上海体育学院で朱多絹老師に基礎や基本の詳細を学び、翌年に安徽省武術隊で楊承冰老師に学びました。

大先輩の兄弟子の賈平さんとの知遇を得て、今でも交流が続く安徽省武術ファミリーとの縁を感じます。

新年が始まり、私にとって「今まで」と「これから」は、随分と感覚が変わった気がしています。

そして先日の鎌倉と江ノ島訪問で得た、伝統日本人として強く生き抜くために必要な精神の重要性を学び取り、

改めて、私の学び得た伝統中国武術文化的感性と、伝統日本的精神と、現代日本社会的処世術の融合体としての「スタイル」を確立できた感覚を持ちました。

新年になって再開した武術隊式トレーニングでは、内容を変えるようにしました。

謂わば「先達後学」という感覚です。

先行してトレーニングが進んで行っている皆さんは、これから大事なのは「武術文化」としての技の体得です。

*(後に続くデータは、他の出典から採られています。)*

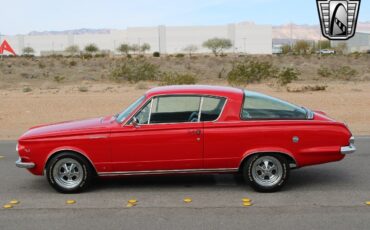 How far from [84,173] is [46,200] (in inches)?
24.0

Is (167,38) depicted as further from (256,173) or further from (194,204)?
(194,204)

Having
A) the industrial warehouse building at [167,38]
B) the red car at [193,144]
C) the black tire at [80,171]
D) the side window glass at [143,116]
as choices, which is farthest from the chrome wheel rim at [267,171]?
the industrial warehouse building at [167,38]

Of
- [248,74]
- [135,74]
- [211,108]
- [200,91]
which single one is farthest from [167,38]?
[211,108]

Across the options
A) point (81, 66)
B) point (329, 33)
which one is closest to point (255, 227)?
point (329, 33)

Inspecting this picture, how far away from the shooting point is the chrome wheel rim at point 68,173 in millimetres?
6848

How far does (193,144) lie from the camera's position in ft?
22.1

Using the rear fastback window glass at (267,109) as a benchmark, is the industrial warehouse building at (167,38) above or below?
above

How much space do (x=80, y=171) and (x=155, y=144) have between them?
1115 mm

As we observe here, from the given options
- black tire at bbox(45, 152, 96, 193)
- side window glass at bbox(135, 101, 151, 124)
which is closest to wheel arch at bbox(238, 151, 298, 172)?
side window glass at bbox(135, 101, 151, 124)

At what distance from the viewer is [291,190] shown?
700cm

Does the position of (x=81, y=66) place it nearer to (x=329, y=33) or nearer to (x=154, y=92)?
(x=329, y=33)

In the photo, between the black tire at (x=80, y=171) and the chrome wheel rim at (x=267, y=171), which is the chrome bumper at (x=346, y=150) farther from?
the black tire at (x=80, y=171)

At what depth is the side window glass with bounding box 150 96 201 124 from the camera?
22.7ft

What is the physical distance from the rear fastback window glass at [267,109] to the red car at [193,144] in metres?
0.02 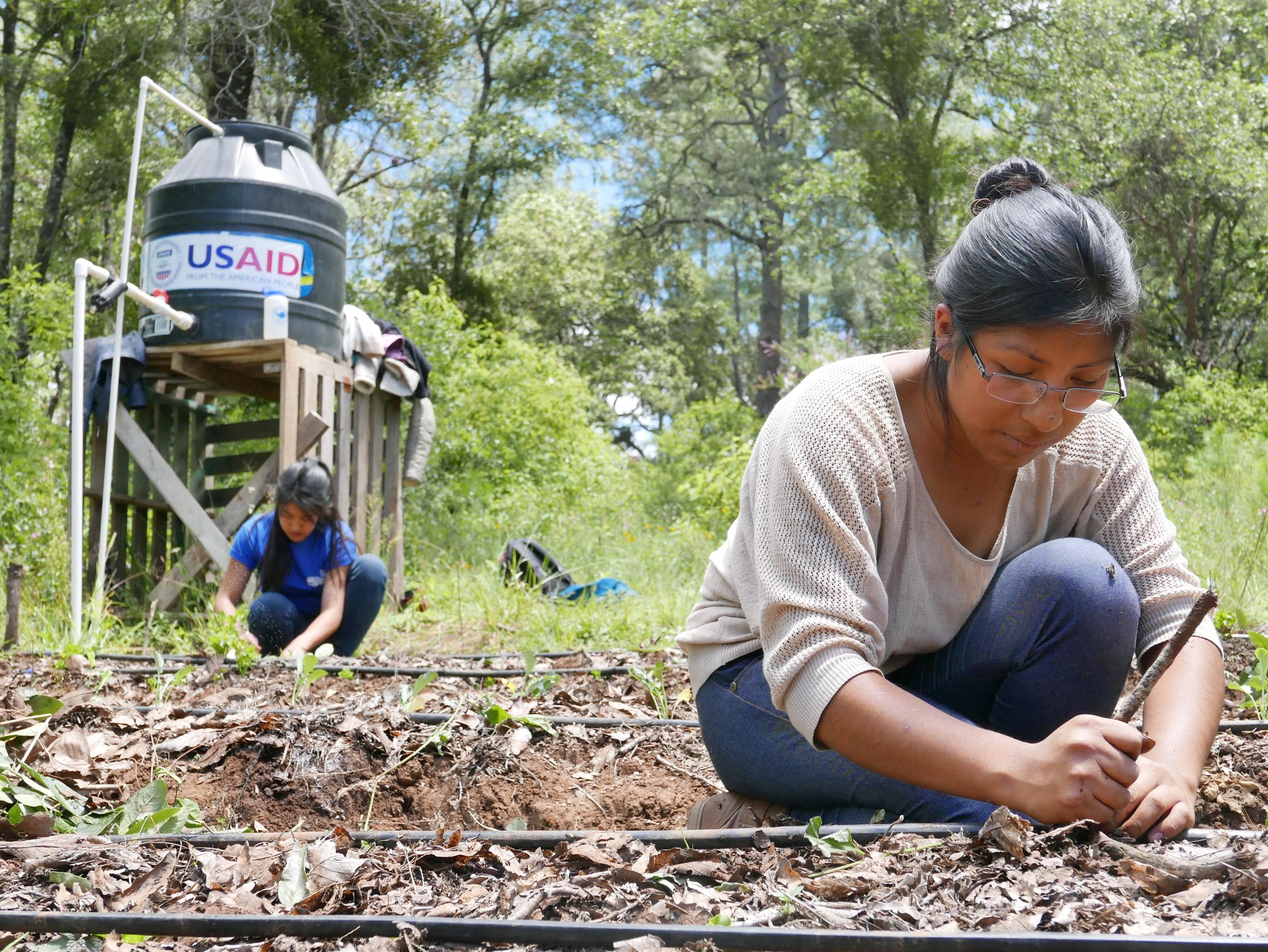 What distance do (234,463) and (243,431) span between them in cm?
24

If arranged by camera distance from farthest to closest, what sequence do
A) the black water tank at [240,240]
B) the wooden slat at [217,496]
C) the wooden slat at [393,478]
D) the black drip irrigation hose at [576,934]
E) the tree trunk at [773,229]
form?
1. the tree trunk at [773,229]
2. the wooden slat at [393,478]
3. the wooden slat at [217,496]
4. the black water tank at [240,240]
5. the black drip irrigation hose at [576,934]

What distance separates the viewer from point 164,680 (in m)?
3.21

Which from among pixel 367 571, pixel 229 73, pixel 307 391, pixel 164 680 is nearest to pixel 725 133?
pixel 229 73

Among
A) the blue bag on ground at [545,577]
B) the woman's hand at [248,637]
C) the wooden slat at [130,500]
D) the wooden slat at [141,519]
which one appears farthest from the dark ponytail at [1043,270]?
the wooden slat at [141,519]

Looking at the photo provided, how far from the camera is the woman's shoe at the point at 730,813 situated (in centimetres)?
180

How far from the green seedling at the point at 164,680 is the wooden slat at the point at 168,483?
2405mm

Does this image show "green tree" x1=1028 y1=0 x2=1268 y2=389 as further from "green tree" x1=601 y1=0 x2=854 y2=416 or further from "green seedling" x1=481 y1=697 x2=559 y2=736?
"green seedling" x1=481 y1=697 x2=559 y2=736

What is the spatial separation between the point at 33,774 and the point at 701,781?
1.34 meters

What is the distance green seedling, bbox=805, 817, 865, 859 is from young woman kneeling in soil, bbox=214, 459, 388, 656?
9.71 feet

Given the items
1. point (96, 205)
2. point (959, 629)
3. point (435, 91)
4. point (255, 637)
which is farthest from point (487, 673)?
point (96, 205)

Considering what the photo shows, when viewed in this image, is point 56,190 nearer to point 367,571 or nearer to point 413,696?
point 367,571

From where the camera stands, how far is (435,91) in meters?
11.8

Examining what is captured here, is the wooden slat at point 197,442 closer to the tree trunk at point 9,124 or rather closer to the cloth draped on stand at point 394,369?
the cloth draped on stand at point 394,369

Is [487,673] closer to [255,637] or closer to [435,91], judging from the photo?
[255,637] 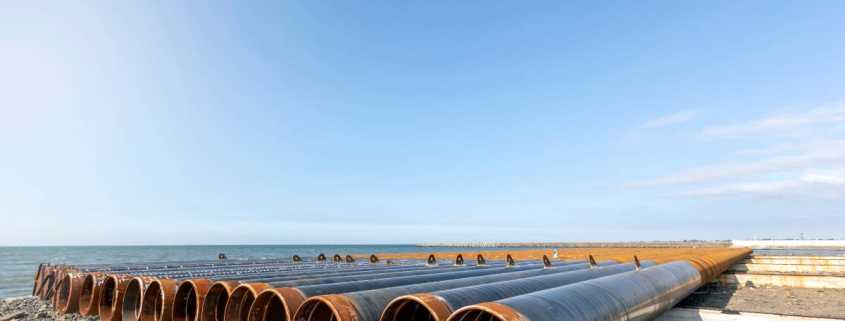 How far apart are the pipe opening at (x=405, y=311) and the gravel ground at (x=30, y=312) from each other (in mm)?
11937

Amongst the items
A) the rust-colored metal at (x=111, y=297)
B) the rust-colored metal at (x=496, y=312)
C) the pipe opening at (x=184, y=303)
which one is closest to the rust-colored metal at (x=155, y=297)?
the pipe opening at (x=184, y=303)

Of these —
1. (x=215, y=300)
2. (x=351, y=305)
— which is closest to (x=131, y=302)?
(x=215, y=300)

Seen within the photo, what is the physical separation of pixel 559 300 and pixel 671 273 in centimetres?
841

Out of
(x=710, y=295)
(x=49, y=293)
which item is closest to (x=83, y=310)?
(x=49, y=293)

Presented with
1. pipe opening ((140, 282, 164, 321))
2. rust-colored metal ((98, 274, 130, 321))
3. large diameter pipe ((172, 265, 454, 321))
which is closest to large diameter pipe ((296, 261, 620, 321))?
large diameter pipe ((172, 265, 454, 321))

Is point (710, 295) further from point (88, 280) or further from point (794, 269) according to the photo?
point (88, 280)

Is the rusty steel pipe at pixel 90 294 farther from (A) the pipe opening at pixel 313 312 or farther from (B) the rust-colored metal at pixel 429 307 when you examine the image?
(B) the rust-colored metal at pixel 429 307

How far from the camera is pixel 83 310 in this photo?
48.8ft

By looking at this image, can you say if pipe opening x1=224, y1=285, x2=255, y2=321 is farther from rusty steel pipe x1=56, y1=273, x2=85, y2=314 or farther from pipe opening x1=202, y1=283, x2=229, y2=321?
rusty steel pipe x1=56, y1=273, x2=85, y2=314

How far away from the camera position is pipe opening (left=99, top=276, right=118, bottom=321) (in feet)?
45.5

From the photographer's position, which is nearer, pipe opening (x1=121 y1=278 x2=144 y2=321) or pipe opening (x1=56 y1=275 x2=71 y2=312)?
pipe opening (x1=121 y1=278 x2=144 y2=321)

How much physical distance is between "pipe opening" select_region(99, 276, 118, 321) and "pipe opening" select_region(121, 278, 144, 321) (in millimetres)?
1019

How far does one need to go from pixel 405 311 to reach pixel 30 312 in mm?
16775

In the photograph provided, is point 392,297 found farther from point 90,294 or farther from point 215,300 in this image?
point 90,294
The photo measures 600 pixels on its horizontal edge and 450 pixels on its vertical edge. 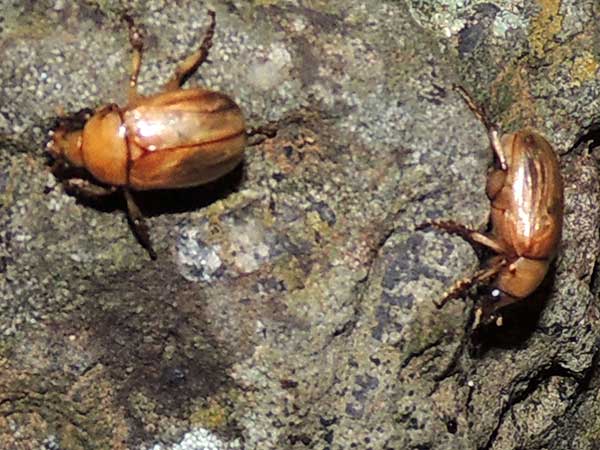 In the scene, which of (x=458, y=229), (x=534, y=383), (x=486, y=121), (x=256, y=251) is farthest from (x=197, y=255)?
(x=534, y=383)

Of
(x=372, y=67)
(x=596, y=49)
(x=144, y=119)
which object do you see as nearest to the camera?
(x=144, y=119)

これは徐文忠老師やお嬢様の徐淑貞老師、楊承冰老師から学んだ武術文化感覚で、文化すなわち「文字」が「化す」という意味においてでの、

伝統的中国文化の感性が武術技能に溶け込んだ技法を行えるようにしていく、というものです。


「先達後学」ということは、現代日本社会の人々の生活パターンにおいての精神性では、

毎日朝に何を求め、昼に何を思い、夜に何を考えているのか、

一人ひとりを把握しにくく、

現代日本社会の環境では、

雑音:ノイズがとにかく多く発せられ、

雑念:不快感がたくさん押し着せられ、

心身的な空間や環境から、それらから逃れにくい事情がたくさんあります。


その中ででも多くの方々に接し、できるだけ進展をさせて挙げたいという思いがあり、

「武術文化的感覚」を「できる人」に伝えていくようにしていきたいと思っています。

そのためには、武術運動を行うというのは、とても多くの動作や意識などが多く絡み合った世界観を持つので、

先ずは「動作」を行える、そして技法の意味や意識を理解する、

それから単練套路と対打套路をしっかりと行える、

ここまで各自各自で練習し、

それから「武術文化的意識」を含んだ練習方法へと移行します。


「先達後学」のトレーニング方法では理解できてきた人に集中して、指導にあたりたいので、

指導中に、私が何も言わない時は、

「動作」を行える、技法の意味や意識を理解する、

単練套路と対打套路をしっかりと通せる、

つまり、この3つを先ず自分自身で確立できないと、

「言葉における意味」が、必ず理解不能に陥る状況になりやすいので、

武術隊、武術班では今後、しっかりと練習時間をとって各自各自で行っておいて欲しいと思います。


中国武術というのは本質的には「伝統文化」なので、文化的側面に理解が弱い方は、歴史長き漢字文化:文字文化感覚を理解して、

そこから入れるようにして頂きたいのと、

「先達:先に達する人」は、どんどん進展し、

「後学:後から学ぶ人」は、先達の人から、一先ず何でも言葉足らずで大丈夫なので、後から後から学び続けて、先行く人へ続いて行って欲しいと思います。

そして今年から重要な意識感覚ですが、伝統文化である中国武術意識には、上手下手という概念ではなく、

「達したか未だ」と「精度」の事実だけなので、

普通一般日本人感覚の「あの人は上手だから」とか「私は下手だから」というような俗性を含まない世界観なので、

「時間」と「努力」と「到達」の3つの純粋な実践と、

根幹にある精神性において理解を深めるために、

伝統中国の思想哲学である「論語」「老子」「荘子」の3つは日本でも文庫本などでもたくさんあるので空き時間を利用したりしては通読をしておいて欲しいと思います。

そうすることで中国武術の「精神文化」の世界を楽しんで欲しいと願っています。